In Caminero v Michael Flynn, Esq., PLLC 2025 NY Slip Op 03701 Decided on June 18, 2025 Appellate Division, Second Department it is pled that the attorney allowed the case to be dismissed, with prejudice for failure to prosecute an injury claim against the MTA by one of its police officers. Attorney defends by saying that Plaintiff could not have won the case anyway. The defense is unsuccessful, for now.
“The plaintiff commenced this action against the defendants, inter alia, to recover damages for legal malpractice. The plaintiff alleged that she had retained the defendants to represent her in an action that she commenced pursuant to the Federal Employers’ Liability Act (45 USC § 51 et seq.) (hereinafter the FELA action). The plaintiff had asserted the FELA action against the Metropolitan Transportation Authority (hereinafter the MTA) to recover damages for personal injuries she allegedly sustained on two different dates while she was working as a police officer employed by the MTA. The plaintiff further alleged that she would have prevailed in the FELA action, which was dismissed, with prejudice, for failure to prosecute, but for the defendants’ negligent failure to prosecute that action. Thereafter, the defendants moved for summary judgment dismissing the cause of action alleging legal malpractice. In an order entered June 22, 2023, the Supreme Court denied the defendants’ motion. The defendants appeal.”
“Contrary to the defendants’ contention, they failed to establish their prima facie entitlement to judgment as a matter of law dismissing the cause of action alleging legal malpractice based upon the doctrine of collateral estoppel. “The doctrine of collateral estoppel, a narrower species of res judicata, precludes a party from relitigating in a subsequent action or proceeding an issue clearly raised in a prior action or proceeding and decided against that party or those in privity, whether or not the tribunals or causes of action are the same” (Ryan v New York Tel. Co., 62 NY2d 494, 500 [emphasis omitted]; see Matter of Maione v Zucker, 210 AD3d 776, 777). “‘This doctrine applies only if the issue in the second action is identical to an issue which was raised, necessarily decided and material in the first action, and the . . . party to be bound had a full and fair opportunity to litigate the issue in the earlier action’” (Matter of Maione v Zucker, 210 AD3d at 777 [alteration and internal quotation marks omitted], quoting City of New York v Welsbach Elec. Corp., 9 NY3d 124, 128).

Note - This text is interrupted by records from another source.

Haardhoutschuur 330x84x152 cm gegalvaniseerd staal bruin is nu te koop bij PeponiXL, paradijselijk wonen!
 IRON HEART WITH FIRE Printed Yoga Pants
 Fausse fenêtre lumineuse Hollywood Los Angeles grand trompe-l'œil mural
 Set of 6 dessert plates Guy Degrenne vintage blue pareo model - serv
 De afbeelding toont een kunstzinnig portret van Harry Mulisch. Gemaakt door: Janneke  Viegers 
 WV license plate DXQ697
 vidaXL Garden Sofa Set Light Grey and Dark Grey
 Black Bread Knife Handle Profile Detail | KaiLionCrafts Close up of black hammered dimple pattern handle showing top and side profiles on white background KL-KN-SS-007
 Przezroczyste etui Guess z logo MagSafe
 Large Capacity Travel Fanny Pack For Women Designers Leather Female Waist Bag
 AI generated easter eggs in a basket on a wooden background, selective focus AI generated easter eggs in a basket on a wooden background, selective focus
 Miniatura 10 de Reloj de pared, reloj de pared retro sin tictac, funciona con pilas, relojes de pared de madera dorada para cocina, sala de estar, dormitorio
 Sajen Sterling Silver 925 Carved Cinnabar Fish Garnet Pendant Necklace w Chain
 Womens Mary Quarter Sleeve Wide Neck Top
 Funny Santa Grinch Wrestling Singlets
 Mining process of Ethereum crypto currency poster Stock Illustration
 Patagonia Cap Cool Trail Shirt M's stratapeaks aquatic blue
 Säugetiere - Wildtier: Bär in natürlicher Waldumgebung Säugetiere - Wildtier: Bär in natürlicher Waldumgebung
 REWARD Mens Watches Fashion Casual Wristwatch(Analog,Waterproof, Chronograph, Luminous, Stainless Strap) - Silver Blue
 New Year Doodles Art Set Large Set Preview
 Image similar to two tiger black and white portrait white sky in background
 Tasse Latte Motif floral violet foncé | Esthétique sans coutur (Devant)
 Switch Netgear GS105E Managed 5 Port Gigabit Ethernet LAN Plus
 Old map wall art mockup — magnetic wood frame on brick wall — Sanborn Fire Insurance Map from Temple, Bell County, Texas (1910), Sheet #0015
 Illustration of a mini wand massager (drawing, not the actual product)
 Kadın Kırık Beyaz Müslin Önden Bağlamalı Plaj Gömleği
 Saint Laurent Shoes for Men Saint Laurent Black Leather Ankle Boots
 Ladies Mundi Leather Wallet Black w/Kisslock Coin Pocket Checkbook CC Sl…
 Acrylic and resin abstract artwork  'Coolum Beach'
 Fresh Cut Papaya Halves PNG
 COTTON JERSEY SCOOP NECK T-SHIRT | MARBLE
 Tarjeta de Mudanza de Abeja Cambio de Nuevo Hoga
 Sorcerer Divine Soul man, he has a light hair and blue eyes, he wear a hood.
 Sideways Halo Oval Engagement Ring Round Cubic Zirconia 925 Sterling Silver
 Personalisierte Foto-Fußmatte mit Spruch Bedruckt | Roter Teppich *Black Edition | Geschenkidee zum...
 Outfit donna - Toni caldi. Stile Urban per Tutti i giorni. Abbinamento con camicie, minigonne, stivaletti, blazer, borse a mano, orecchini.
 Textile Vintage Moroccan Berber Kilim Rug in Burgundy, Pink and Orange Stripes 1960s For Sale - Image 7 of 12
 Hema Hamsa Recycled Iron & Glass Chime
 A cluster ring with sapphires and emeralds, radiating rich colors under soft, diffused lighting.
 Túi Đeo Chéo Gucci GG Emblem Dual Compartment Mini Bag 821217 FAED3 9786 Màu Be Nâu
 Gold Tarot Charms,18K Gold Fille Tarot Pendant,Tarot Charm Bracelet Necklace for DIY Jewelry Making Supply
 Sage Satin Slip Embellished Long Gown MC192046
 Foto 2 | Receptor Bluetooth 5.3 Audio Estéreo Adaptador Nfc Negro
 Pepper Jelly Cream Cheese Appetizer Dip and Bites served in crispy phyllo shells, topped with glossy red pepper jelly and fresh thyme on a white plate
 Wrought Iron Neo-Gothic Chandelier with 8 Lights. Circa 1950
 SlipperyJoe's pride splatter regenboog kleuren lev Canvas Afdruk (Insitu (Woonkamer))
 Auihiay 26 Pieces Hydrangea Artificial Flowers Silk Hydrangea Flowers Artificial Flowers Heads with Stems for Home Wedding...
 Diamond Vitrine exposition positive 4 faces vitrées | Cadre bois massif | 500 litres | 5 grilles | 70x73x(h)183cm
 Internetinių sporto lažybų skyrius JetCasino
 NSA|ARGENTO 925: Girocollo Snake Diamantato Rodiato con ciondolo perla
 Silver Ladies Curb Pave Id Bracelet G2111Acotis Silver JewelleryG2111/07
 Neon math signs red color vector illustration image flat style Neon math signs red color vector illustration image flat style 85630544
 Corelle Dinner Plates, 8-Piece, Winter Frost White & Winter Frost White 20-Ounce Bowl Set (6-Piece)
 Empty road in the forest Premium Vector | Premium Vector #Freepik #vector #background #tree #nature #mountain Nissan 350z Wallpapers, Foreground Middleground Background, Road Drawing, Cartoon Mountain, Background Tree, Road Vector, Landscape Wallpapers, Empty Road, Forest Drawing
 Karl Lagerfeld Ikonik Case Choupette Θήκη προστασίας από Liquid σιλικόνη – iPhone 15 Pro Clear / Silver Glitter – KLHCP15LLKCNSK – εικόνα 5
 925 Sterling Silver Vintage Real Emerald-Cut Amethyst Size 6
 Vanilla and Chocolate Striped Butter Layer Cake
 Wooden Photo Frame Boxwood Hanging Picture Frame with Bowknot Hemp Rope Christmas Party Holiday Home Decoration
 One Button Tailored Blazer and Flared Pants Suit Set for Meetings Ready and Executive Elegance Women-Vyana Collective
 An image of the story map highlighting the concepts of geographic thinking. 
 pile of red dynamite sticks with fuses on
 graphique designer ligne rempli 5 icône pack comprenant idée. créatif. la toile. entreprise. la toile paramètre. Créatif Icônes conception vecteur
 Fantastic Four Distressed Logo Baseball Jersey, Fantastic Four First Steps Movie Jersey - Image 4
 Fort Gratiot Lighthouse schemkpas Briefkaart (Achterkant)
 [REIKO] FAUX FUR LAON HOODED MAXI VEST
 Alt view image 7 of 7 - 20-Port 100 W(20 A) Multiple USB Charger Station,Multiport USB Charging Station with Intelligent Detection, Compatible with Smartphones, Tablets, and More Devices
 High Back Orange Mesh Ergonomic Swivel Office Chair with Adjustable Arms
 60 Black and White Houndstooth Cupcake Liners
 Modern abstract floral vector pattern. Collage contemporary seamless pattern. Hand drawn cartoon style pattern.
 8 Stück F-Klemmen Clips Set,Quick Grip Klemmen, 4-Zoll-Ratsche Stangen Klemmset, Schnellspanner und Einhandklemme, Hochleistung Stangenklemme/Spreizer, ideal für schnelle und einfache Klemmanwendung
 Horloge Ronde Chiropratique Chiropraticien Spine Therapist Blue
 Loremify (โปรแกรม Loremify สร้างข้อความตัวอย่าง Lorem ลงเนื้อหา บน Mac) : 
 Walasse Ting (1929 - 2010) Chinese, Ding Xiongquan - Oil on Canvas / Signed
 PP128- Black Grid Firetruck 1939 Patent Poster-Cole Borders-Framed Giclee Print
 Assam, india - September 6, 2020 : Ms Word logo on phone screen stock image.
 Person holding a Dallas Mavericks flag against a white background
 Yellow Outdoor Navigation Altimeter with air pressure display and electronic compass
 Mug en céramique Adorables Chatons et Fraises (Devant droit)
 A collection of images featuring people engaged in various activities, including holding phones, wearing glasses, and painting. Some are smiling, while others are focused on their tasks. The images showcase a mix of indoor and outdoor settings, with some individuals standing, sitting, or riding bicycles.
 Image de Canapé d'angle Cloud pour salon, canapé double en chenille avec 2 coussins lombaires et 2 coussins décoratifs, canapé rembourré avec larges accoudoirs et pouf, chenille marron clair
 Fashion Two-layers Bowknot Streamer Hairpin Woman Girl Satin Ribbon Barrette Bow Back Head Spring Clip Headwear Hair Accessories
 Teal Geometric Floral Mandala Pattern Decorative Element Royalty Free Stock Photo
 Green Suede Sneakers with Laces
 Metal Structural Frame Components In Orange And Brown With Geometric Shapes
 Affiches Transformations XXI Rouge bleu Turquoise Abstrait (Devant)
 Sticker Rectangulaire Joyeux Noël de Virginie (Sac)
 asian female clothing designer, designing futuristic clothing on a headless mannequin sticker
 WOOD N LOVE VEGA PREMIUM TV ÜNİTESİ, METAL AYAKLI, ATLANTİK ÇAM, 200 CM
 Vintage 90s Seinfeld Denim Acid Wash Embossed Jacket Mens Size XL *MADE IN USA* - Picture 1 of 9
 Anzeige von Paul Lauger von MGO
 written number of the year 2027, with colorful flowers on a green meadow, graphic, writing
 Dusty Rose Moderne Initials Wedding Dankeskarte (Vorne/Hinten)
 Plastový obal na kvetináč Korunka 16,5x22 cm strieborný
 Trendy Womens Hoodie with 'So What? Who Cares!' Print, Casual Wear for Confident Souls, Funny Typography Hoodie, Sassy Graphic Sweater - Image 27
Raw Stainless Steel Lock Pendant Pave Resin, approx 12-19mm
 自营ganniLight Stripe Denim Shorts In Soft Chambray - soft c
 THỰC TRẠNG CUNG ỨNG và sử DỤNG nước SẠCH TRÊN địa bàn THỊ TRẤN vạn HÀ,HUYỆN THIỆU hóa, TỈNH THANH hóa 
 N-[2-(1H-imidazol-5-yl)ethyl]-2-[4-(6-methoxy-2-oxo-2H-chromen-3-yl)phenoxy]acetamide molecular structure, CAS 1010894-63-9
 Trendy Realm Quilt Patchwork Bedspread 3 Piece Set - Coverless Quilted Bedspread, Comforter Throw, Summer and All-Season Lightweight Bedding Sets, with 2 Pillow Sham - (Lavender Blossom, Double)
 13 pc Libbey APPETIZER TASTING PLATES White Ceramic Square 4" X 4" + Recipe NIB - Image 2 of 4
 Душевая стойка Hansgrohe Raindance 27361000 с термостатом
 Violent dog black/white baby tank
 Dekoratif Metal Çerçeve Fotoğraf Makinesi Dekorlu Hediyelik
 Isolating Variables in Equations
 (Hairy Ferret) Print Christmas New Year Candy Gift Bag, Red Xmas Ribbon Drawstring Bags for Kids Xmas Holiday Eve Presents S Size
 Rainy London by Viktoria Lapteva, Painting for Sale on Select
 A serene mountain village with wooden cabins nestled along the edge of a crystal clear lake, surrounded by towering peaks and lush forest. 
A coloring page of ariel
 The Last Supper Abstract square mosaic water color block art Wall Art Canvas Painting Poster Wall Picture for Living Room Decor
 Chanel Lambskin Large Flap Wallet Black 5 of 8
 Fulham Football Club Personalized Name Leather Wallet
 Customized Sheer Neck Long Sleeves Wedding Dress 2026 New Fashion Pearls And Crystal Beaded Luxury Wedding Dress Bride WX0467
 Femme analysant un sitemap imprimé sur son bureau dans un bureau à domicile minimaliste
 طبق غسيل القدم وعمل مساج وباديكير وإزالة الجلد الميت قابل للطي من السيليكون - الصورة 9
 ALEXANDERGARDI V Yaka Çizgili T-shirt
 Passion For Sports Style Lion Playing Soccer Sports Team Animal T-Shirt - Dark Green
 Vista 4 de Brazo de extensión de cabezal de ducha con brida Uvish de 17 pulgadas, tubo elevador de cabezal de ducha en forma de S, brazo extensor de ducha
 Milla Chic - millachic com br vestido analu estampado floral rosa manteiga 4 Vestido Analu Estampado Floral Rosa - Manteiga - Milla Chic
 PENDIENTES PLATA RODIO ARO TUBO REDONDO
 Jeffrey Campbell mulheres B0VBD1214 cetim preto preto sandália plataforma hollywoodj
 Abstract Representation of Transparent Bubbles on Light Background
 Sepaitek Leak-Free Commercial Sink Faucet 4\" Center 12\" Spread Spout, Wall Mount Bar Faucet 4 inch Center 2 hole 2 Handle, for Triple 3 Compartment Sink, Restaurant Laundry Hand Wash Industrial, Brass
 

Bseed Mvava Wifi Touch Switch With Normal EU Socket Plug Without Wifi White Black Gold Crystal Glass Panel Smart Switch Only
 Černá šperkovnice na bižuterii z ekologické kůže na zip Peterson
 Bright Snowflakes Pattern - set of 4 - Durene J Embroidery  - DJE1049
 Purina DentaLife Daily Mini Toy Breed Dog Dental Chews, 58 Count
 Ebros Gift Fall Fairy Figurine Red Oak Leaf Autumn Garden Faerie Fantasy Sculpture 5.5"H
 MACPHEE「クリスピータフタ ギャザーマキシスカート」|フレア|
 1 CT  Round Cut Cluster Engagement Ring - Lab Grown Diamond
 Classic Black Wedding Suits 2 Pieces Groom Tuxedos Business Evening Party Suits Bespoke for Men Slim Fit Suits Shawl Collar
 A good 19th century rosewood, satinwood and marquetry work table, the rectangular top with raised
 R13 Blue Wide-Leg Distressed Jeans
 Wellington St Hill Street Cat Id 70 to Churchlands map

Here, the defendants asserted that in light of the denial of an application by the plaintiff for accidental disability retirement benefits and the dismissal of the plaintiff’s proceeding pursuant to CPLR article 78 to review the denial of that application, the plaintiff was collaterally estopped from claiming that she suffered a work-related injury. Therefore, the defendants argued that the plaintiff could not establish that she would have prevailed in the FELA action but for the defendants’ alleged negligent failure to prosecute that action. Contrary to the defendants’ contention, however, the defendants failed to demonstrate an identity of issues between the FELA action and the determination of either the plaintiff’s application for accidental disability retirement benefits or the CPLR article 78 proceeding (see Weslowski v Zugibe, 167 AD3d 972, 975). Whereas the FELA action involved the issue of whether the MTA’s alleged negligence played any part in producing the injuries for which the plaintiff sought damages (see Rogers v Missouri Pacific R. Co., 352 US 500, 506; Grasso v Long Is. R.R., 306 AD2d 378, 379), that issue was not litigated and necessarily decided against the plaintiff either in the context of her application for accidental disability retirement benefits or in the CPLR article 78 proceeding (see Kenny v New York City Tr. Auth., 275 AD2d 639, 640). Thus, the defendants failed to establish their prima facie entitlement to judgment as a matter of law dismissing the cause of action alleging legal malpractice based upon the doctrine of collateral estoppel.
The defendants also failed to establish, prima facie, that the MTA neither created nor had actual or constructive notice of the alleged dangerous conditions at issue in the FELA action (see Lauzon v Stop & Shop Supermarket, 188 AD3d 856, 857; Ariza v Number One Star Mgt. Corp., 170 AD3d 639, 639). Thus, the defendants failed to demonstrate, prima facie, that the plaintiff would not have prevailed in the FELA action but for their alleged failure to prosecute that action (see Detoni v McMinkens, 147 AD3d 1018, 1020).”